Infrastructure Working Group's Action Plan

  • Develop updated rainfall statistics for Wisconsin using latest techniques for both current and projected future conditions
  • Communicate new rainfall data to designers statewide
  • Develop and communicate updated recommendations for rainfall/runoff analysis to define climate and watershed land-use conditions that should be evaluated in existing conditions and future flooding calculation
  • Develop guidance from modeling standards for storm recurrence intervals and rainfall distributions appropriate for future precipitation conditions

Environmental Climate Justice Issues

Sunset over Lake Mendota. Photo credit: Shruti Sarode

As pressure to develop increases, environmental and climate justice concerns are present in the design, operation, management, and financing of Wisconsin’s infrastructure.
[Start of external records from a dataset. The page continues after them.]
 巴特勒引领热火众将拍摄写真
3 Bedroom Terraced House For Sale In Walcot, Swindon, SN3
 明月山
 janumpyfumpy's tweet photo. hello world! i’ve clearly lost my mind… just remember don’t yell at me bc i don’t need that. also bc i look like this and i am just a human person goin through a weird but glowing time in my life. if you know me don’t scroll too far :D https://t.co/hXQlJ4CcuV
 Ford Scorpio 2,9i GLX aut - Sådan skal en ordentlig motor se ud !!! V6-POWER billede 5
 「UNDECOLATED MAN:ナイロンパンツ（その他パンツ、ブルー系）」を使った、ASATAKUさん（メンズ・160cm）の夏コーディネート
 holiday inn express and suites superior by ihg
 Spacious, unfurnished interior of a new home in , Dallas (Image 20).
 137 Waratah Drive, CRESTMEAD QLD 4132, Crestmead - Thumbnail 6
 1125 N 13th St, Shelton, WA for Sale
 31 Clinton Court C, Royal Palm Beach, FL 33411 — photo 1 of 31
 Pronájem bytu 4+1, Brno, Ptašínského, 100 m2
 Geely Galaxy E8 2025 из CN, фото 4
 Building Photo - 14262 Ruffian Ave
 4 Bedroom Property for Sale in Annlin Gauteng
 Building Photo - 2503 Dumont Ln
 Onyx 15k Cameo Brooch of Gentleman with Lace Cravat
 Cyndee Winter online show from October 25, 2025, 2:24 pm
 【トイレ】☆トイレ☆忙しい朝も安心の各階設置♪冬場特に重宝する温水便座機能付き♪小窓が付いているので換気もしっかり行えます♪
Planning of Adaptation Projects

The planning process and prioritization of where investments are made (e.g., what side of town) can have huge implications for a community’s resilience in the face of environmental pollution and/or climate change. These planning decisions often include a cost-benefit analysis. This analysis should be based on a comprehensive vulnerability analysis and alternatives development and selection that includes the social costs of project impacts to properly ensure environmental and climate justice.

Reducing the Embedded Carbon Content of Construction Projects to Help Mitigate Greenhouse Gas Emissions

As planners and contractors start thinking about how to account for the carbon emissions released to create construction products (the “embedded carbon content”), like concrete and steel, decision makers must ensure that the final process for doing so is equitable. Currently, Wisconsin is in the planning phases for considering these emissions. However, we know that smaller contracting businesses will be less equipped to make the large adjustments required to their business and processes. Decision makers must ensure these smaller businesses receive additional support in making transitions to sustainable practices so they are not left behind in the marketplace.

According to the Justice40 Executive Order, “The order catalyzes the creation of jobs in construction, manufacturing, engineering and the skilled-trades by directing steps to ensure that every federal infrastructure investment reduces climate pollution and that steps are taken to accelerate clean energy and transmission projects under federal siting and permitting processes in an environmentally sustainable manner.”

A climate and economic justice screening tool will be developed by the Council on Environmental Quality to aid in identifying targeted communities.